_Work order_:
In the records below, find the line containing "Neufeldts Restaurant |" and return it together with every later line, exactly as written; pictures are to be omitted.

---------- Stored data

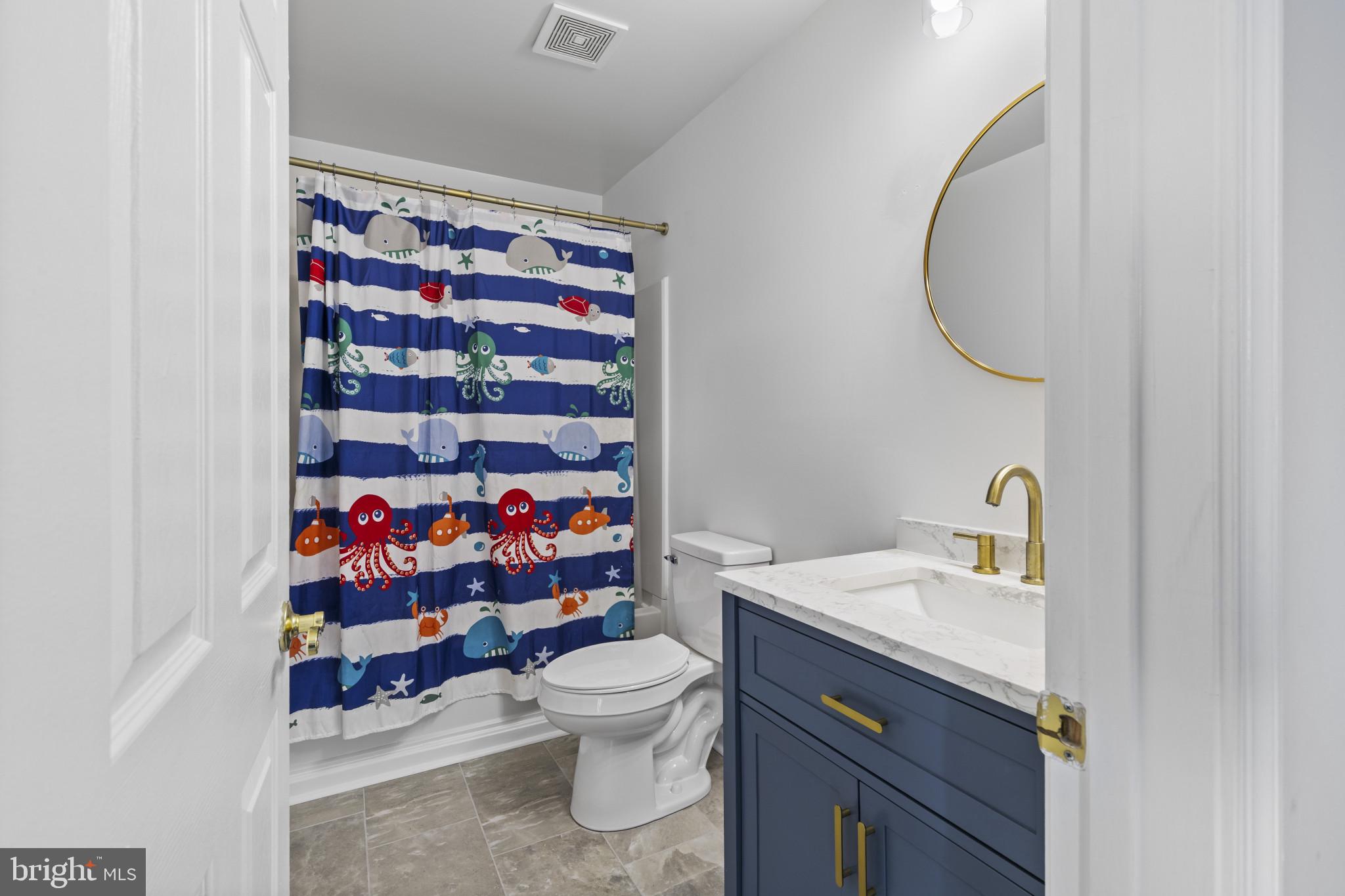 THOMPSON CREEK CONDOS - Residential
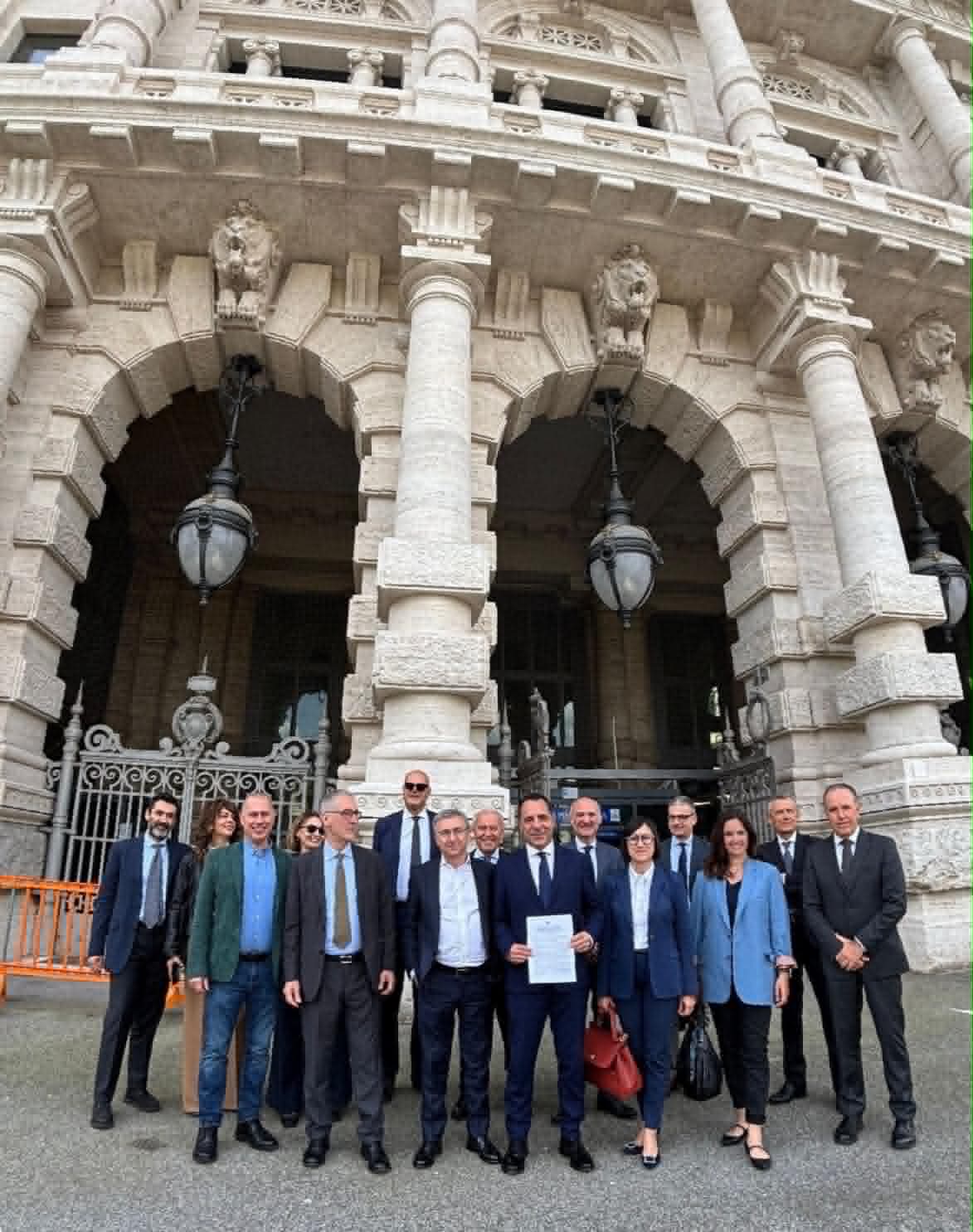 Confesercenti deposita in Cassazione la proposta di legge di iniziativa popolare per la rigenerazione urbana del commercio e dei servizi di prossimità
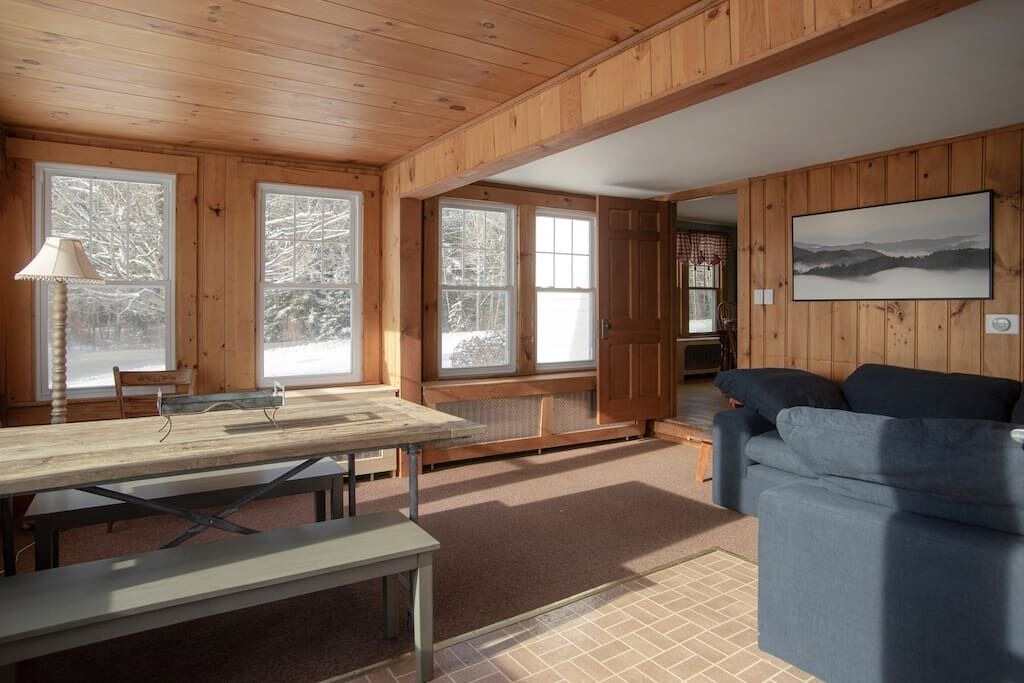 Photo of Livingroom in South Londonderry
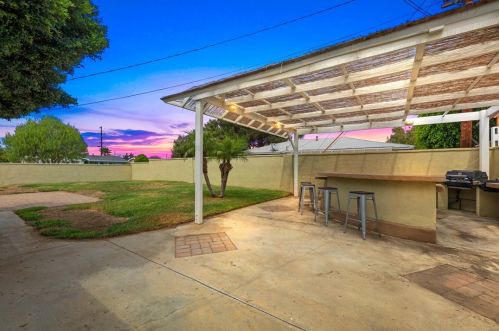 2441 Greenacre Ave, Anaheim, CA 92801-3230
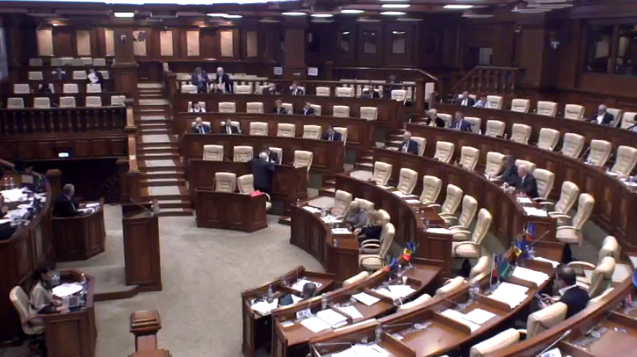Poza zilei: Cum muncesc deputații. Sala Parlamentului - pustie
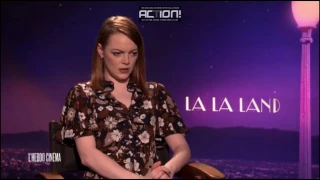 Emma Stone speaks french  / Emma Stone parle français - Interview for La La Land
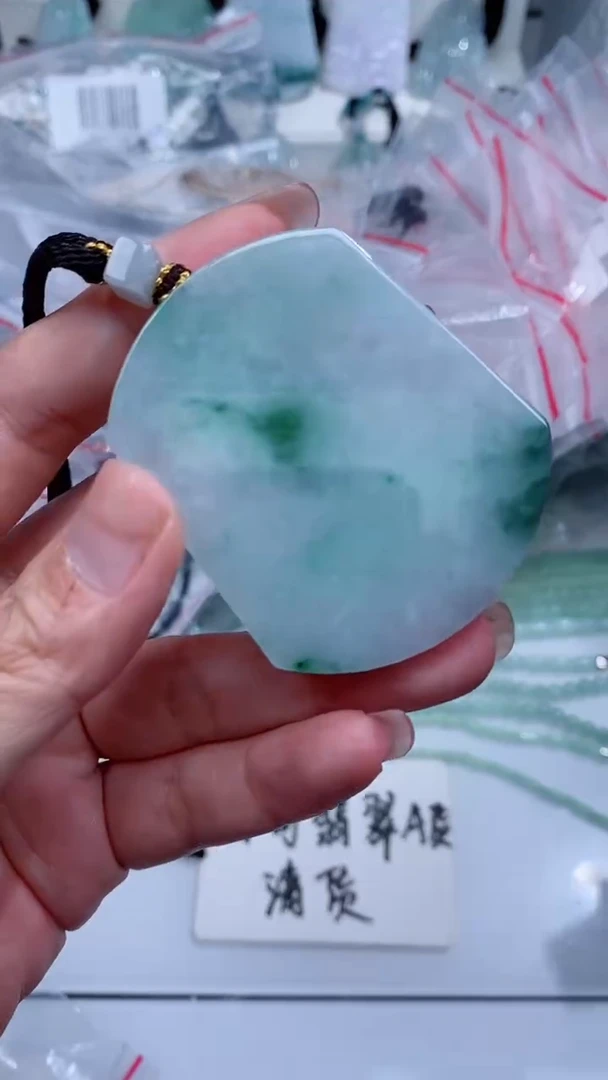颈饰未镶嵌翡翠吊坠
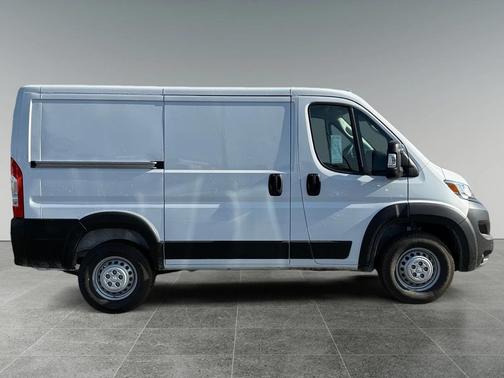 2026 RAM ProMaster 1500 Low Roof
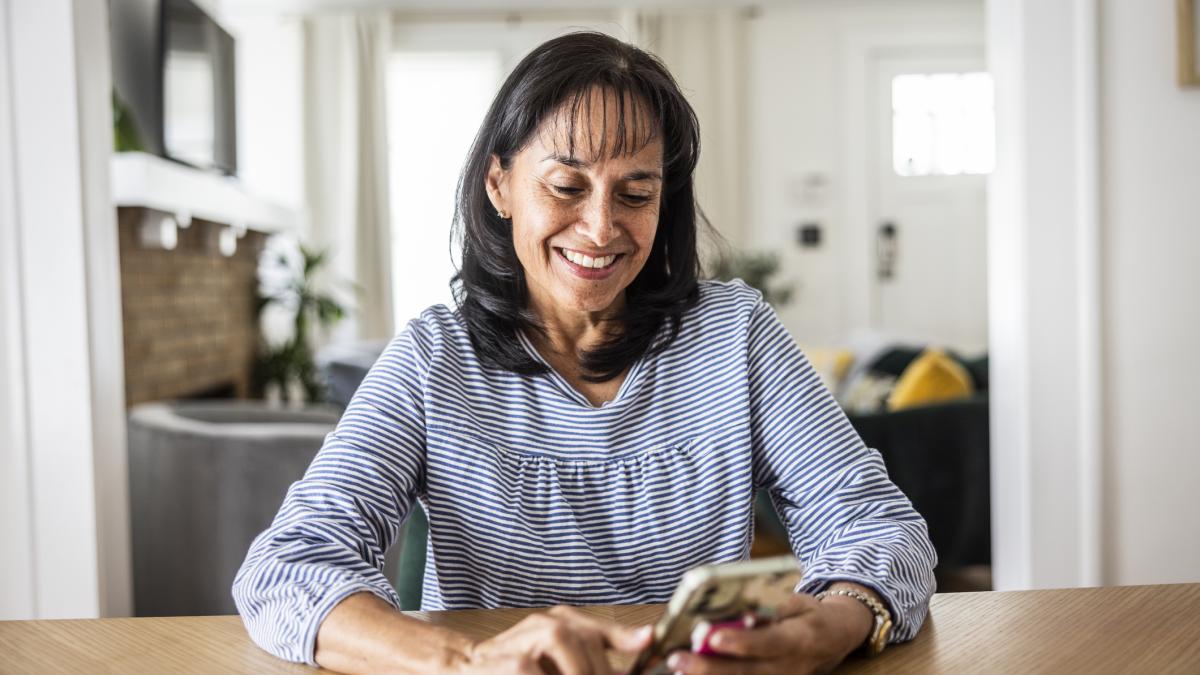 dame sur son téléphone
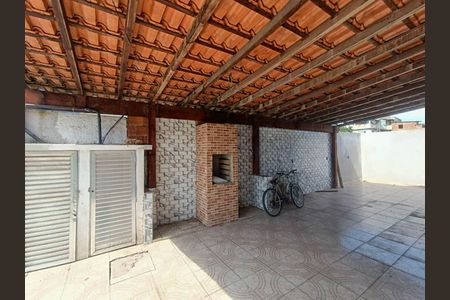 Apartamento para alugar com 42m², 2 quartos e 1 vaga Apartamento para alugar com 42m², 2 quartos e 1 vagaÁrea comum - Churrasqueira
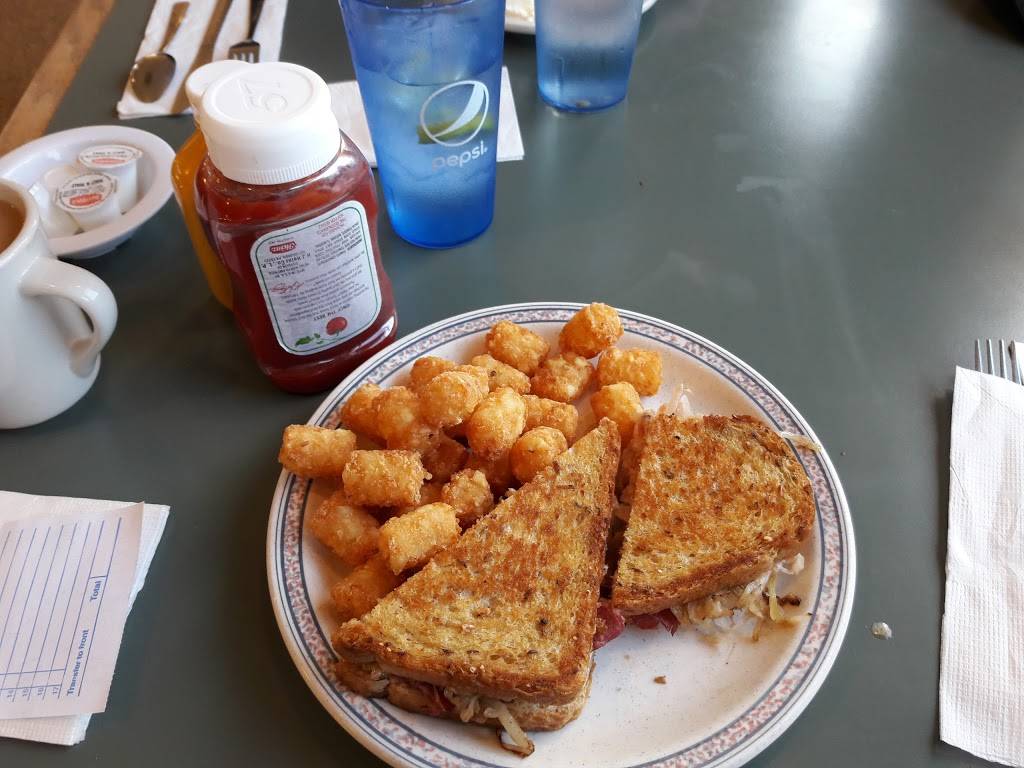 Neufeldts Restaurant | restaurant | 190 Main St, Aumsville, OR 97325, USA | 5037494095 OR +1 503-749-4095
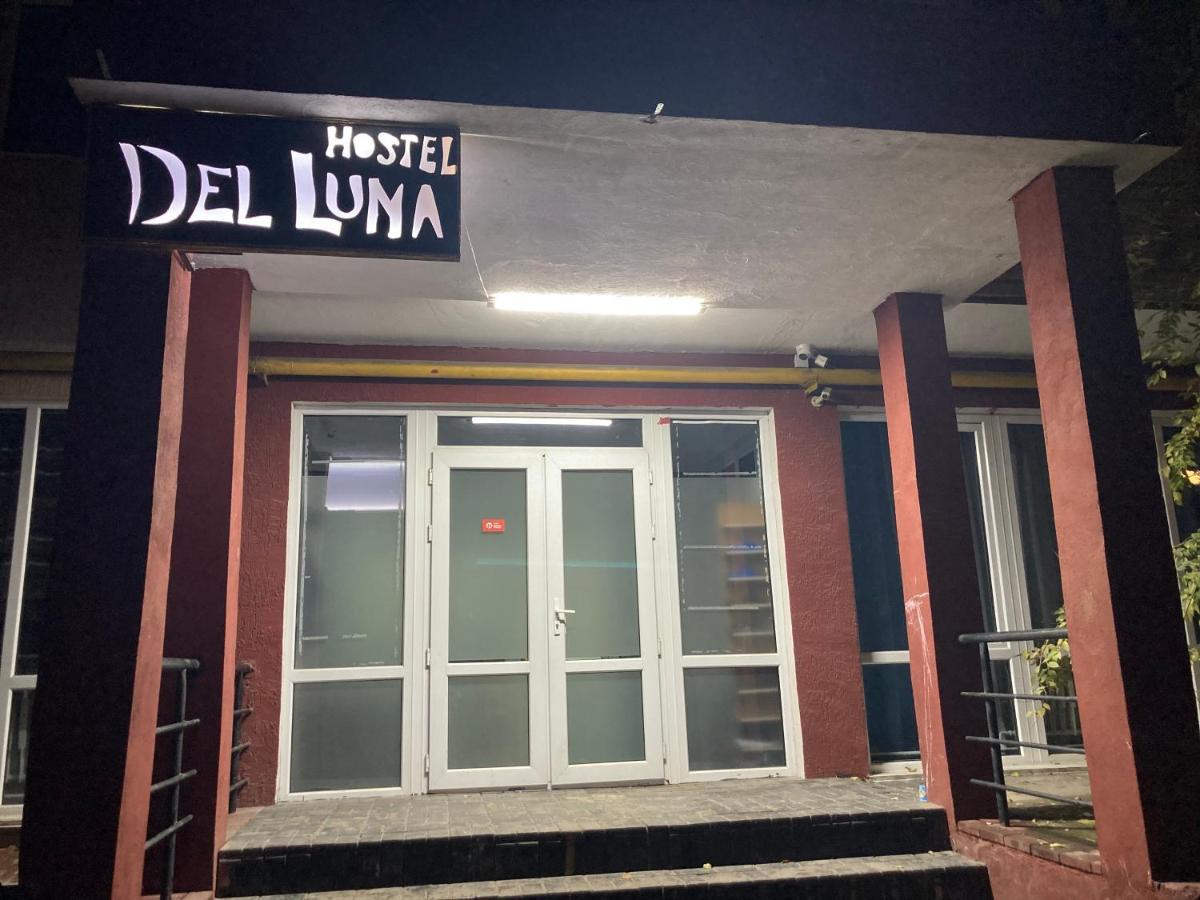 Hostel Del Luna Almaty Exterior photo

--------------------

_Output_:
 Neufeldts Restaurant | restaurant | 190 Main St, Aumsville, OR 97325, USA | 5037494095 OR +1 503-749-4095
 Hostel Del Luna Almaty Exterior photo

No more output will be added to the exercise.